Here she discusses falsificationism and how the error-statistical account builds and  improves on Popper’s ideas. We read about demarcation, Duhem’s problem, and novel predictions; but also about the replicability crisis in psychology and fallacies of significance tests. In the last section Mayo returns to the question that has been in the background all this time: what is the error-statistical answer to the problem of inductive inference? By then we have already been handed a number of clues: inferences to hypotheses are arguments from strong coincidence, that (unlike “inductive” but really   still deductive probabilistic logics) provide genuine “lift-off”, and that (against Popperians) we are free to call warranted or justified. Mayo emphasises that the output of a statistical inference is not a belief; and it is undeniable that for the plausibility of an hypothesis severe testing is neither necessary (the problem of after-the-fact cooked-up hypotheses, Mayo points out, is exactly that they can be so plausible) nor sufficient (as illustrated by the base-rate fallacy). Nevertheless, the envisioned epistemic yield of a (warranted) inference remains agonizingly imprecise. For instance, we read that (sensibly enough) isolated significant results do not count; but when do results start counting, and how? Much is delegated to the dynamics of the overall inquiry, as further illustrated below.

Chapter 3 goes deeper into severe testing: as employed in actual cases of scientific inference, and as instantiated in methods from classical statistics. Thus the first part starts with the 1919 Eddington experiment to test Einstein’s relativity theory, and continues with a discussion of Neyman–Pearson (N–P) tests. The latter are then accommodated into the error-statistical story, with the admonition that the severity rationale goes beyond the usual behavioural warrant of N–P testing as the guarantee of being rarely wrong in repeated application. Moreover, it is stressed, the statistical methods given by N–P as well as Fisherian tests represent “canonical pieces of statistical reasoning, in their naked form as it were” (p. 150). In a real scientific inquiry these are only part of the investigator’s reservoir of error-probabilistic tools “both formal and quasi-formal”, providing the parts that “are integrated in building up arguments from coincidence, informing background theory, self- correcting […], in an iterative movement” (p. 162).

In the next part of Chapter 3, Mayo defends the classical methods against an array of attacks launched from different directions. Apart from some old charges (or “howlers and chestnuts of statistical tests”), these include the excusations arising from the “family feud” between adherents of Fisher and Neyman–Pearson. Mayo argues that the purported different interpretational stances of the founders (Fisher’s more evidential outlook versus Neyman’s more behaviourist position) are a bad reason to preclude a unified view on both methodologies. In the third part, Mayo extends this discussion to incorporate confidence intervals, and the chapter concludes with another illustration of statistical testing in actual scientific inference, the 2012 discovery of the Higgs boson.

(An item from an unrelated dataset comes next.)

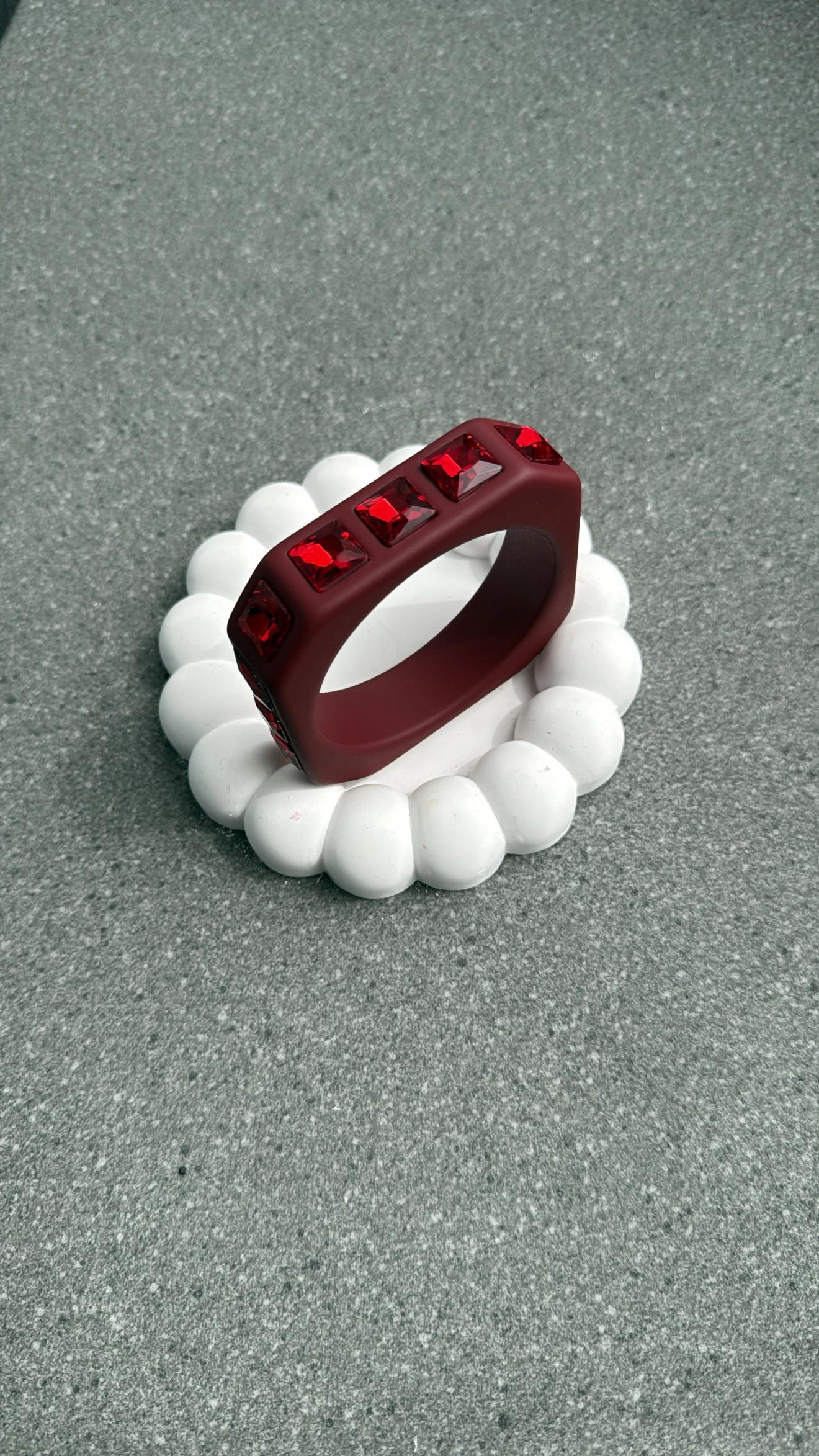 Siba Kırmızı Kare Bilezik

The different parts of Chapter 4 revolve around the theme of objectivity. First up is the “dirty hands argument”, the idea that since we can never be free of the influence of subjective choices, all statistical methods must be (equally) subjective. The mistake, Mayo says, is to assume that we are incapable of registering and managing these inevitable threats to objectivity. The subsequent dismissal of the Bayesian way of taking into account—or indeed embracing—subjectivity is followed, in the second part of the chapter, by a response to a series of Bayesian critiques of frequentist methods, and particularly the charge that, as compared to Bayesian posterior probabilities, P values overstate the evidence. The crux of Mayo’s reply is that “it’s erroneous to fault one statistical philosophy from the perspective of a philosophy with a different and incompatible conception of evidence or inference” (p. 265). This is certainly a fair point, but could just as well be turned against her own presentation of the error-statistical perspective as a meta-methodology. Of course, the lesson we are actually encouraged to draw is that an account of evidence in terms of severe testing is preferable to one in terms of plausibility. For this Mayo makes a strong case, in the next part, in connection to the need for tools to intercept various illegitimate research practices. The remainder of the chapter is devoted to some other important themes around frequentist methods: randomization, the trope that “all models are false”, and model validation.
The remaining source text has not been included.